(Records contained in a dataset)
·····
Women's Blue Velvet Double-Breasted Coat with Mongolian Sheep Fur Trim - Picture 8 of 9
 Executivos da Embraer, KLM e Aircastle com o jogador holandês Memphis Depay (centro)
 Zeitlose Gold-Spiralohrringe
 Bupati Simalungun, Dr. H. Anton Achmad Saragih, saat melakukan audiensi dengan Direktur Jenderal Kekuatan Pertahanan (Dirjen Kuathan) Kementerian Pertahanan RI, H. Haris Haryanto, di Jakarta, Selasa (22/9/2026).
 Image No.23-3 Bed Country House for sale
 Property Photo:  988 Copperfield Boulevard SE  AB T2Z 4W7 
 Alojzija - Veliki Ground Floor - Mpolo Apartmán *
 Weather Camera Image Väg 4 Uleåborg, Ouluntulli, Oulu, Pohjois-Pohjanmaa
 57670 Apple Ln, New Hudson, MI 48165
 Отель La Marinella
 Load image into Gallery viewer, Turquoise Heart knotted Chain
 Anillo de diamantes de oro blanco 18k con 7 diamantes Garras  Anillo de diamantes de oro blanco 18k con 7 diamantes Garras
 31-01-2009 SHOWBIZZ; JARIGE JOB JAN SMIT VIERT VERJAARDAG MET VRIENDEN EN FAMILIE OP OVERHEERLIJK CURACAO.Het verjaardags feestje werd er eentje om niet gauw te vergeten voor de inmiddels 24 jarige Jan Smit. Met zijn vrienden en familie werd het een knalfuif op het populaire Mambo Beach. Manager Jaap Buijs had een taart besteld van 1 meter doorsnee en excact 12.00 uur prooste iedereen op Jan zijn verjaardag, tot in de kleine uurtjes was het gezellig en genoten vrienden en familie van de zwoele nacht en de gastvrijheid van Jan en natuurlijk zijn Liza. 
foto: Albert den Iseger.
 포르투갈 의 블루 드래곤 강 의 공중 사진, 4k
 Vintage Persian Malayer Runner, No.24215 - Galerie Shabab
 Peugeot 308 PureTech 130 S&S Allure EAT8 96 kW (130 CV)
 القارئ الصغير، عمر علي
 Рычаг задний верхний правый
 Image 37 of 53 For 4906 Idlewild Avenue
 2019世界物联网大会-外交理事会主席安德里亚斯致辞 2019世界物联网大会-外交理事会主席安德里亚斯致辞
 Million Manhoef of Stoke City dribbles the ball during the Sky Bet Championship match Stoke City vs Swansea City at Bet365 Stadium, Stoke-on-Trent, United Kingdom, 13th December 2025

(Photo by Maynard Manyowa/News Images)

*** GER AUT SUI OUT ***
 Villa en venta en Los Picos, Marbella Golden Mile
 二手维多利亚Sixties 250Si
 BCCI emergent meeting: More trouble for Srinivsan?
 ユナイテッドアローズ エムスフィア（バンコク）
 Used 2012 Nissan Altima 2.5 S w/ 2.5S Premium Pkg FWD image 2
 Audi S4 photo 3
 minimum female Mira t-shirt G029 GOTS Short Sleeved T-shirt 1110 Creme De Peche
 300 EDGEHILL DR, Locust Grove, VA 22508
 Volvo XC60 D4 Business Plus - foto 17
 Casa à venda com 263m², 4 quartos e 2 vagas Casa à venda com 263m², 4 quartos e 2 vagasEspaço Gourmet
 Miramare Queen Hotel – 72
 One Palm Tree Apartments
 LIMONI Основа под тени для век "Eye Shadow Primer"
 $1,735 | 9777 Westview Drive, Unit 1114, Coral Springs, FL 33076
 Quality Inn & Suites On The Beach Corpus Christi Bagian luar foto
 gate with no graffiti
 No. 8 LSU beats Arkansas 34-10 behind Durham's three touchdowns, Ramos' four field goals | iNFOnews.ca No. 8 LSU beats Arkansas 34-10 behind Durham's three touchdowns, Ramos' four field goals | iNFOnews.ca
·····
EXERCISE GOAL: Above are the records; copy exactly the lines from the line with "minimum female Mira" through the line with "LIMONI Основа под", both included.

OUTPUT OF THE EXERCISE:
 minimum female Mira t-shirt G029 GOTS Short Sleeved T-shirt 1110 Creme De Peche
 300 EDGEHILL DR, Locust Grove, VA 22508
 Volvo XC60 D4 Business Plus - foto 17
 Casa à venda com 263m², 4 quartos e 2 vagas Casa à venda com 263m², 4 quartos e 2 vagasEspaço Gourmet
 Miramare Queen Hotel – 72
 One Palm Tree Apartments
 LIMONI Основа под тени для век "Eye Shadow Primer"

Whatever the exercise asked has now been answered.